Copy-ServiceFabricServicePackageToNode
Hiermee kopieert u een servicepakket naar een doelknooppunt.
Syntaxis
Copy-ServiceFabricServicePackageToNode
[-ServiceManifestName] <String>
[-ApplicationTypeName] <String>
[-ApplicationTypeVersion] <String>
[-NodeName] <String>
[-PackageSharingPolicies <PackageSharingPolicy[]>]
[-TimeoutSec <Int32>]
[<CommonParameters>]
Description
De cmdlet Copy-ServiceFabricServicePackageToNode kopieert een servicepakket naar de cache van de installatiekopie en gedeelde mappen op een doelknooppunt. U kunt deze cmdlet uitvoeren om knooppunten vooraf te vullen met vereiste code, configuratie en gegevenspakketten. Latere bewerkingen voor het maken van services kunnen sneller worden voltooid.

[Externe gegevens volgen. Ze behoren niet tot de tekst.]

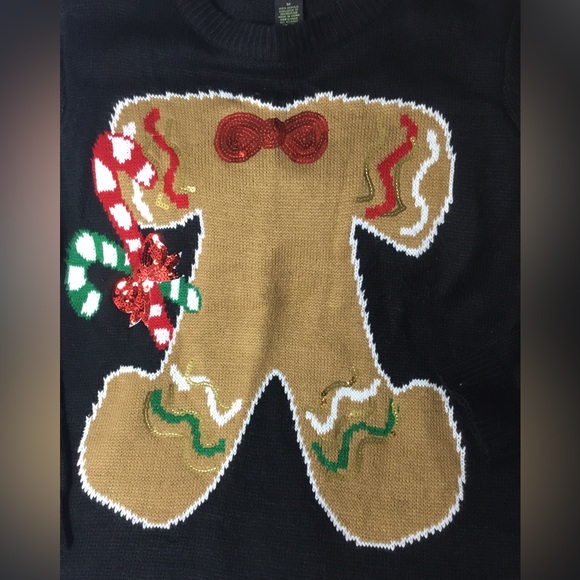 Faith & Zoe women’s Gingerbread man knit sweater; Medium - Picture 4 of 10
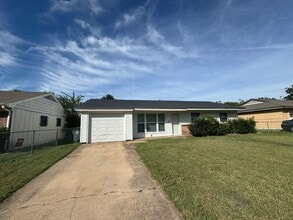 Building Photo - 627 E 54th Pl N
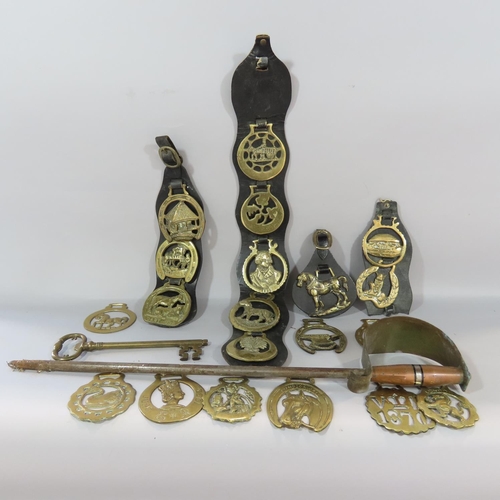 457 - Collection of domestic brassware, copper and fireside effects, including a 'Guardian' fire extinguis... 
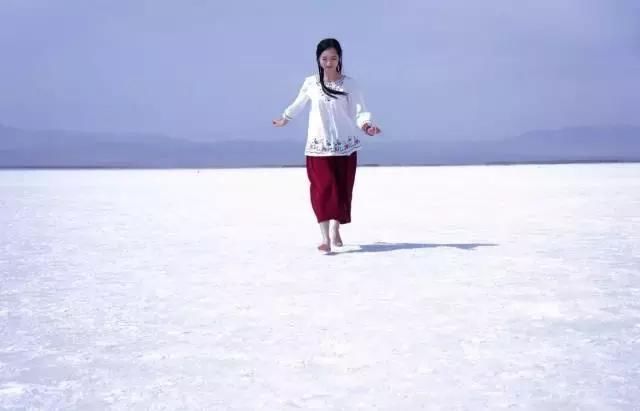 青海茶卡盐湖究竟有多美！被人称作“天空之城”，附攻略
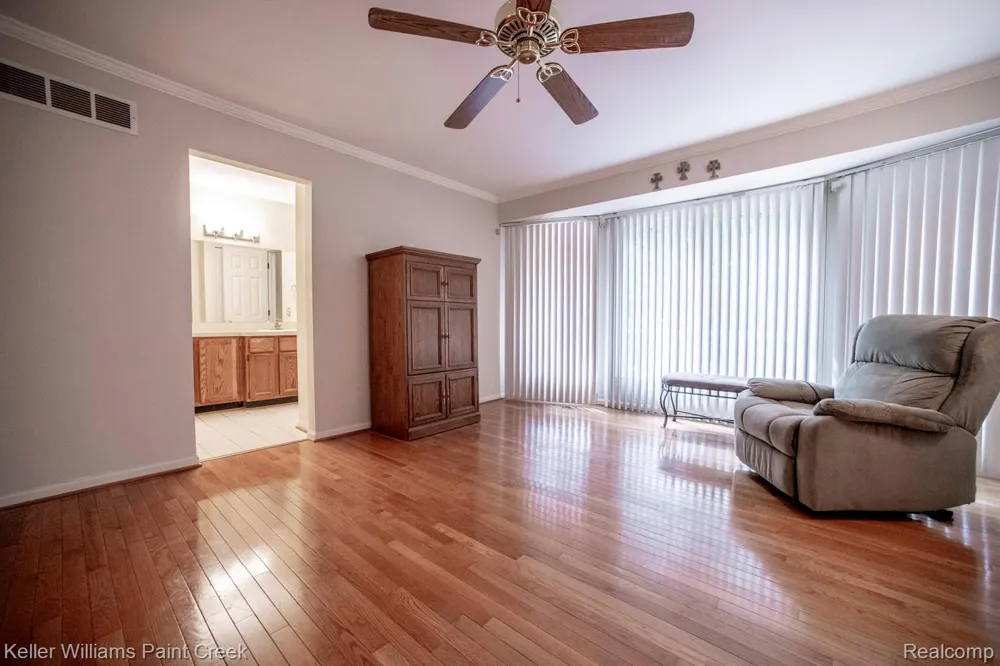 1447 Oakstone Drive Rochester Hills City, MI 48309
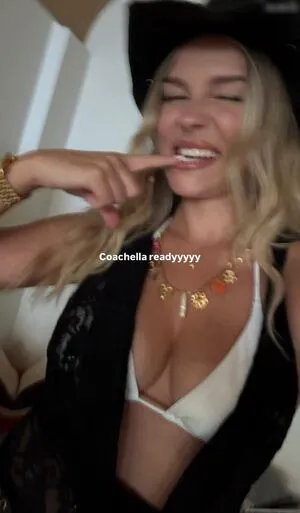 Dagi Bee OnlyFans Leaked Free Thumbnail Picture - #BNsSTZIfyA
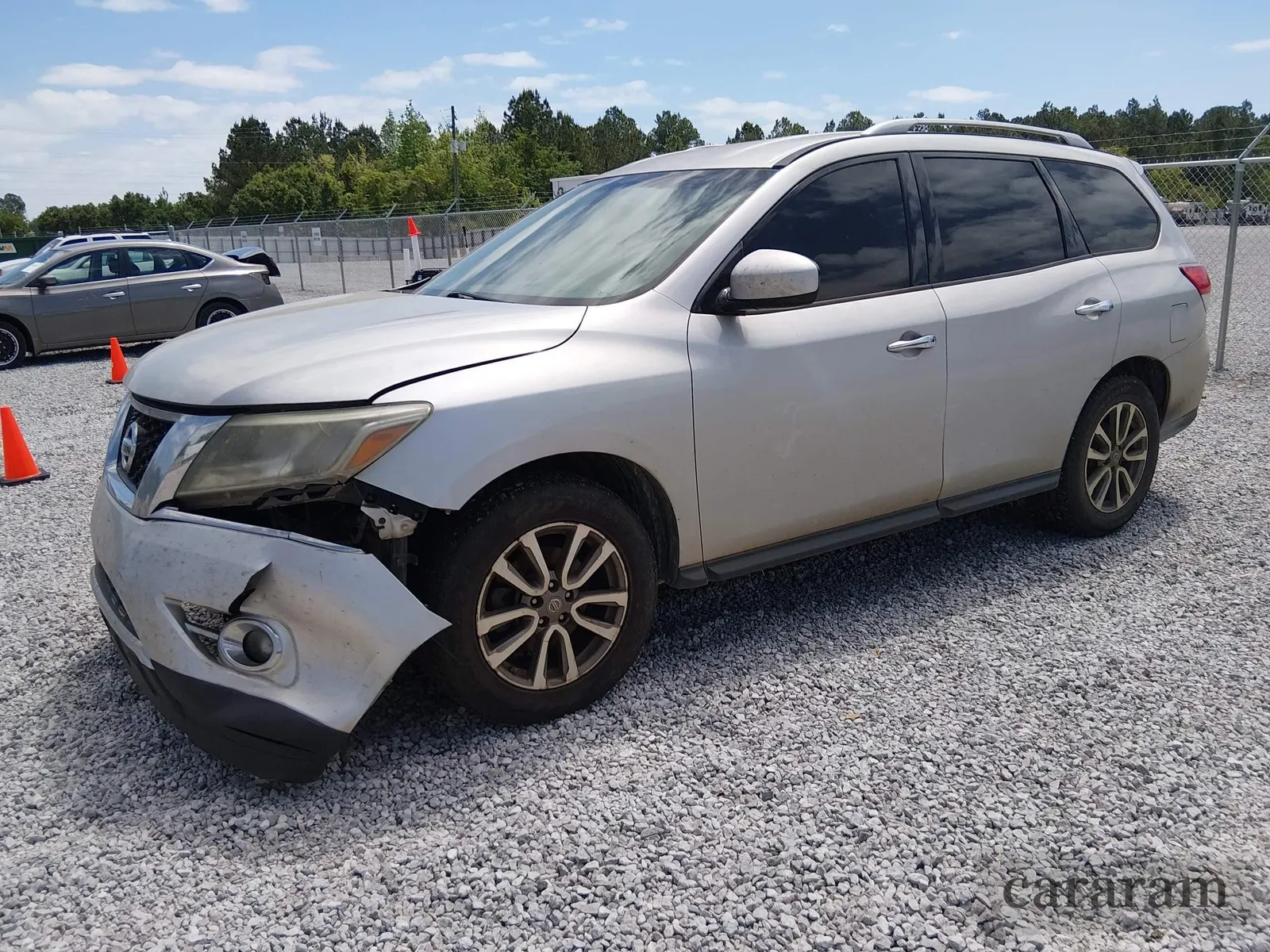 2015 Nissan Pathfinder SV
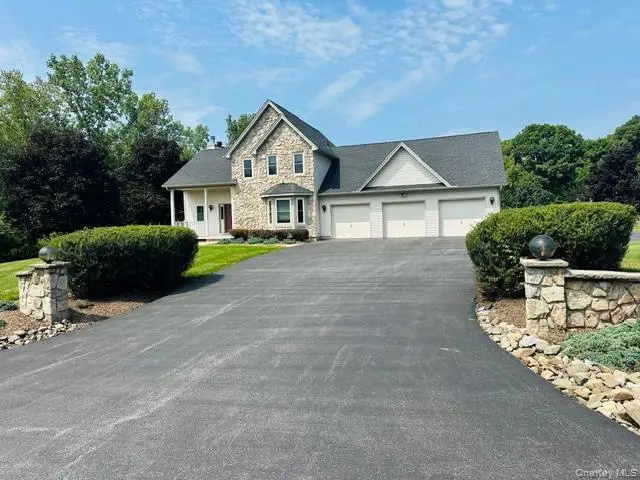 25 Rachel Rd, Pleasant Valley, NY 12569 - #2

Als u Service Fabric-clusters wilt beheren, start u Windows PowerShell met behulp van de optie Uitvoeren als administrator. Voordat u een bewerking uitvoert op een Service Fabric-cluster, maakt u een verbinding met het cluster met behulp van de cmdlet Connect-ServiceFabricCluster .
Voorbeelden
Voorbeeld 1: Een beleid voor pakketshares genereren
PS C:\> $sharingPolicy = new-ServiceFabricPackageSharingPolicy -PackageName CalcService5 -SharingScopeAll
Met deze opdracht wordt een pakketsharebeleid gegenereerd met behulp van de cmdlet New-ServiceFabricPackageSharingPolicy en wordt dit toegewezen aan de variabele met de naam $sharingPolicy.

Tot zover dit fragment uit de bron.